[Records contained in a dataset]
- - - -
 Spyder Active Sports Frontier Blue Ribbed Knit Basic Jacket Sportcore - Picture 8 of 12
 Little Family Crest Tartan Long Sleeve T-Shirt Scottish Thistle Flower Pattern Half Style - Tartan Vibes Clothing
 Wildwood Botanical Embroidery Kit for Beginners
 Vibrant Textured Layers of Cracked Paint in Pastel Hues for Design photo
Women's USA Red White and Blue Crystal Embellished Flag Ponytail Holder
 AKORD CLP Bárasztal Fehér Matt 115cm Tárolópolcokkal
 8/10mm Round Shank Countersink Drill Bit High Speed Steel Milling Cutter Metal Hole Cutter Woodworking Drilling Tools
- - - -
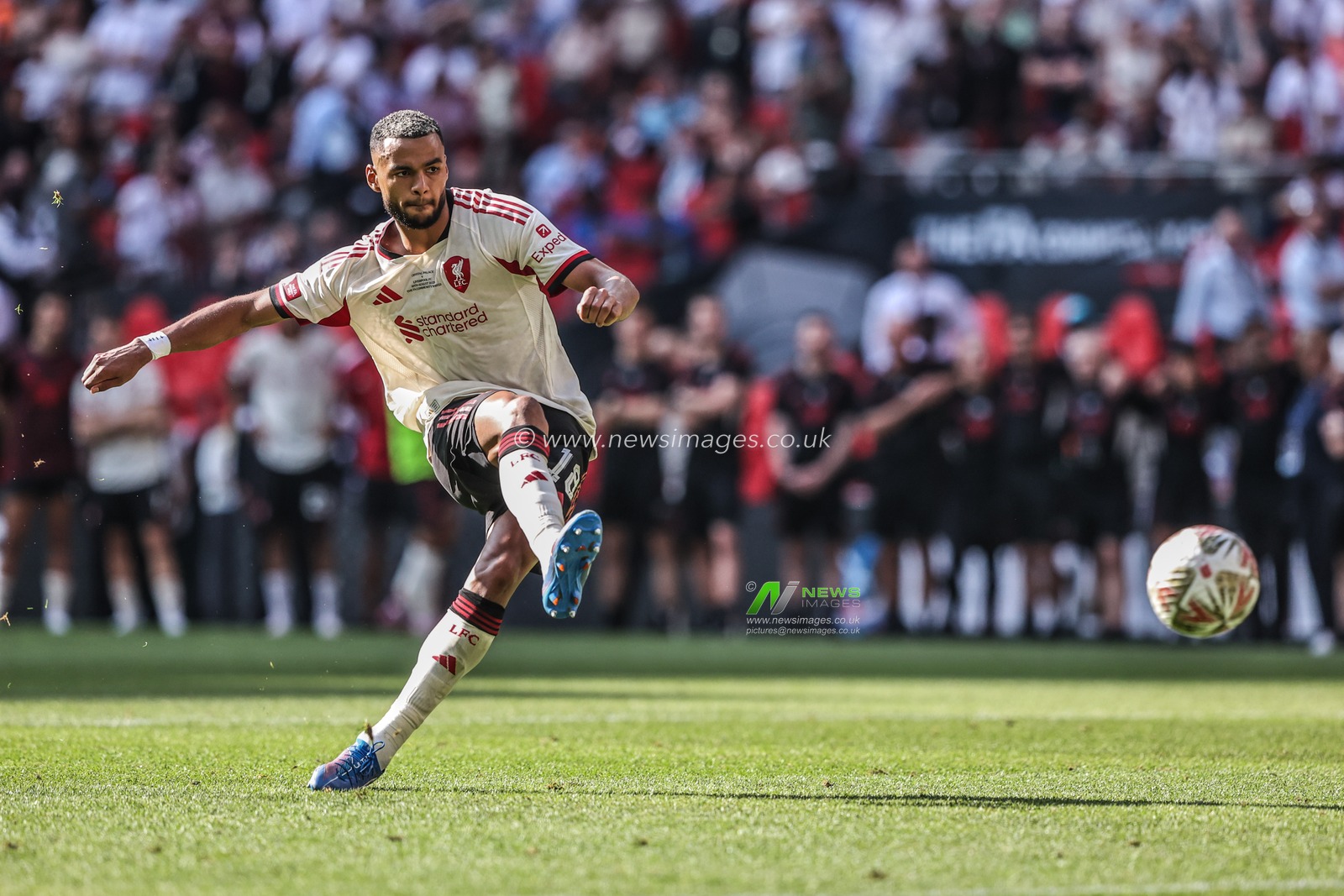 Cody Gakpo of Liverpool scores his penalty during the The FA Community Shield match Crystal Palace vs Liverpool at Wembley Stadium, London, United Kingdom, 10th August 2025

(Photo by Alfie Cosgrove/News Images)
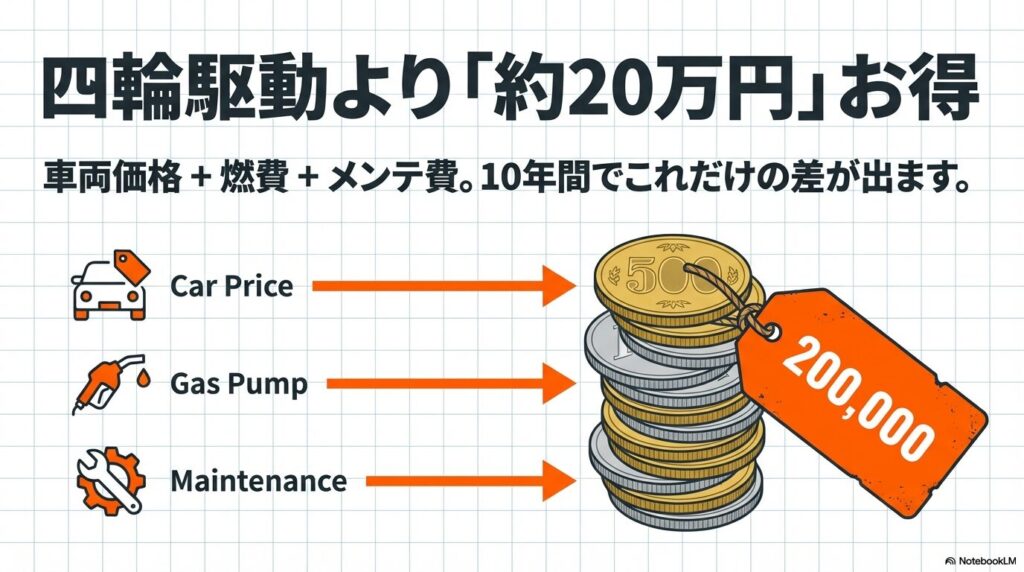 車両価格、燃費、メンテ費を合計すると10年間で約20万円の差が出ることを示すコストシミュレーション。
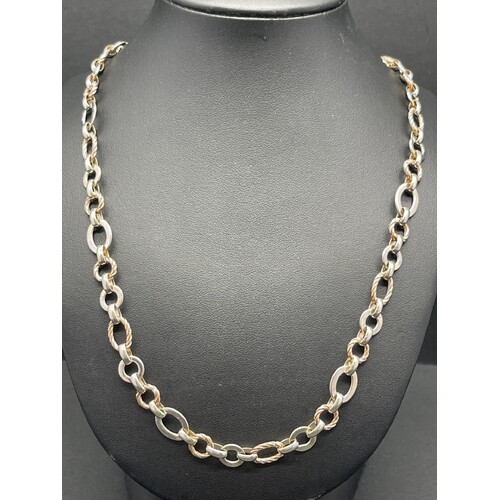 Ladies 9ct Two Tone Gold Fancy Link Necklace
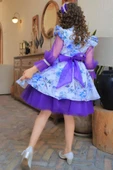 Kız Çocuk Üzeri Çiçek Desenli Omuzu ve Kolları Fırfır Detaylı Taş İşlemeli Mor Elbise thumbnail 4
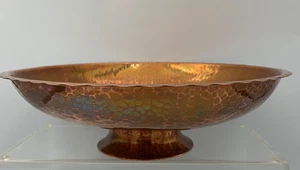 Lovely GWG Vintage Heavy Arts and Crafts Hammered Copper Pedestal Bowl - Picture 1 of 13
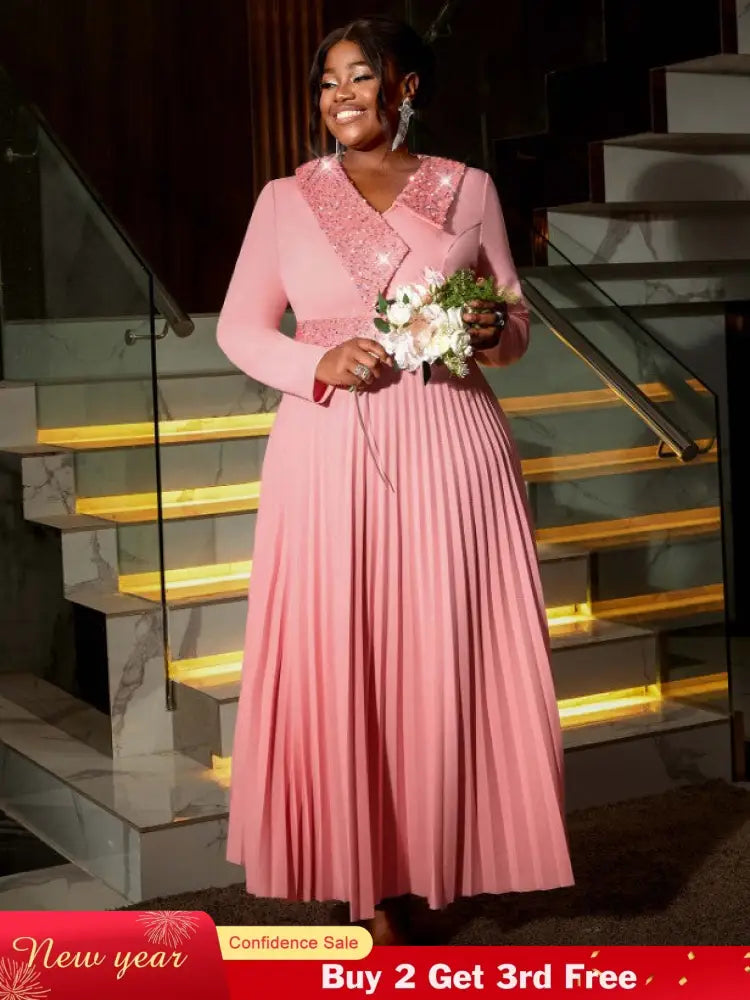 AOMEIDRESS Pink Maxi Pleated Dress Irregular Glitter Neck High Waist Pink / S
- - - -
Directions for this task: Restate word for word the entries above, starting at the line with "Spyder Active Sports" and ending at the line with "AKORD CLP Bárasztal", inclusive, and no others.

Exercise answer:
 Spyder Active Sports Frontier Blue Ribbed Knit Basic Jacket Sportcore - Picture 8 of 12
 Little Family Crest Tartan Long Sleeve T-Shirt Scottish Thistle Flower Pattern Half Style - Tartan Vibes Clothing
 Wildwood Botanical Embroidery Kit for Beginners
 Vibrant Textured Layers of Cracked Paint in Pastel Hues for Design photo
Women's USA Red White and Blue Crystal Embellished Flag Ponytail Holder
 AKORD CLP Bárasztal Fehér Matt 115cm Tárolópolcokkal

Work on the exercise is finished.